How many times when you’re venting to your girls about what your man, it’s “his” fault you’re mad and the reason things aren’t working out. You slept with him and now he’s not returning your calls and he’s acting like a complete jerk, he curses at you when you two are fighting, he keeps having female “friends” hit up his phone and he tells you it’s nothing and not to worry about it, or how about when you two move in together and it’s “his” fault things didn’t work out and now he’s moving out. STOP, STOP, STOP blaming it all on him. Everything was cool when you two were having sex, everything was okay when you two were spending time together, and everything was fine when you both went apartment hunting together…but now he decided to up and leave one day and now it’s all his fault you’re left broken-hearted right?
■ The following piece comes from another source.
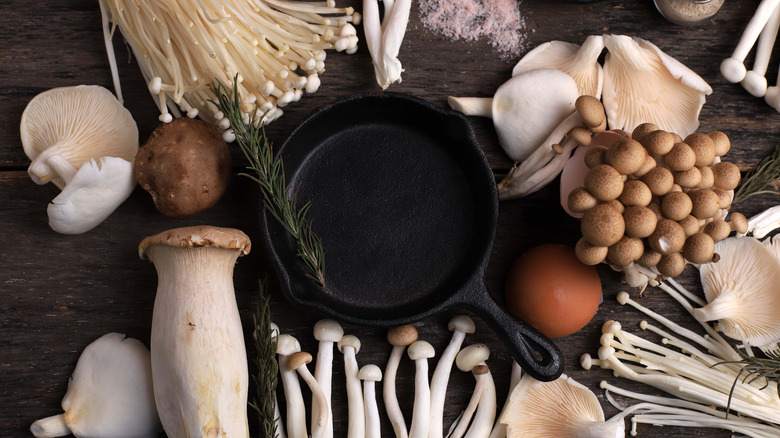 cast iron skillet in the center of various types of mushrooms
Wrong. It takes two to tango. So just as much as you think he’s wrong (which he is, I’m not saying all of these are right) you’re just as wrong. A man will only do what you allow him to do. You made that decision to have sex with him and not think about the consequences, there’s a reason why God made sex for marriage (I’ll talk about that in a later blog) and now that he’s treating you different it’s “him.” You made the decision to play house without having a ring on your finger and making that commitment before God, and now it’s “his” fault things didn’t work out.
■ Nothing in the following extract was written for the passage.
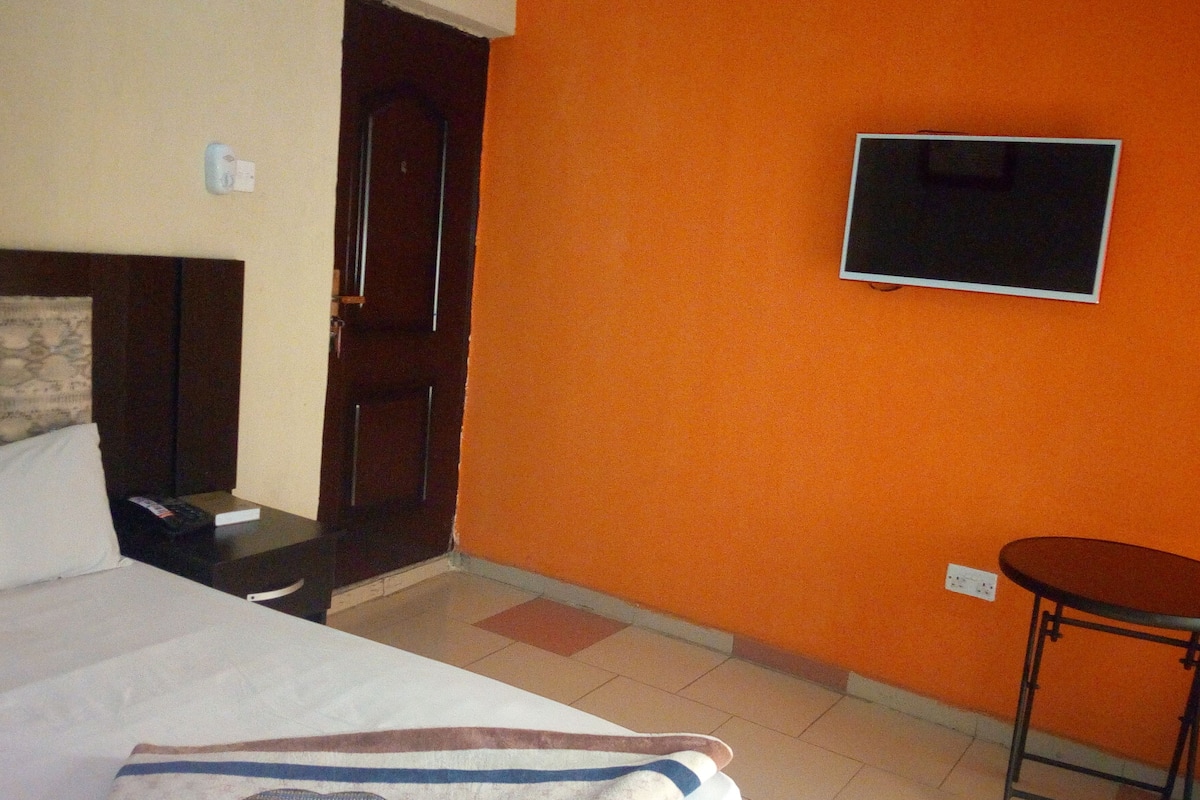A hotel room with a bed, a TV mounted on the orange wall, a small table, and a door.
Ladies we have to value ourselves because if we don’t, what makes you think a man will? The first thing you did wrong was give your all to man that isn’t your husband and expect him to act like one. Now I’m not saying that we can’t treat our boyfriends right and fall in love, but love is patient and love is kind. If he’s pressuring you to have sex…red flag number one. If he curses at you when you two are mad at each other, apologizes, and curses at you again the next time you two argue…he doesn’t respect you and that’s red flag number 2. If he keeps having lady friends hit up his phone and he tries to hide his phone and panics when a text goes off right by you…red flag number 3. Do you see where I’m going here? This man wasn’t the man for you so why give your all to a man like this and then have the nerve to say it’s “his” fault things didn’t work out. You allowed a man to disrespect you, you allowed a man to take your dignity, and you allowed a man to walk all over you. He didn’t deserve your love and you need to move on, let go, and let God. This is not a Godly man and he needs to find his faith and as much as we would like to help him get there, we can’t force it. In the mean time get right with God and let him bless with you an amazing Godly man that you can one day call your husband.
I’m not saying women aren’t allowed to make mistakes. In NO way am I saying I’m perfect, but when girls vent to me about their guy and I hear all the awful things he’s doing and saying to her and she’s allowing it…. it’s hard for me to just blame it all on the guy. You have power over your feelings, don’t let a man that doesn’t deserve your affection get the best of you…because you’ll regret it later.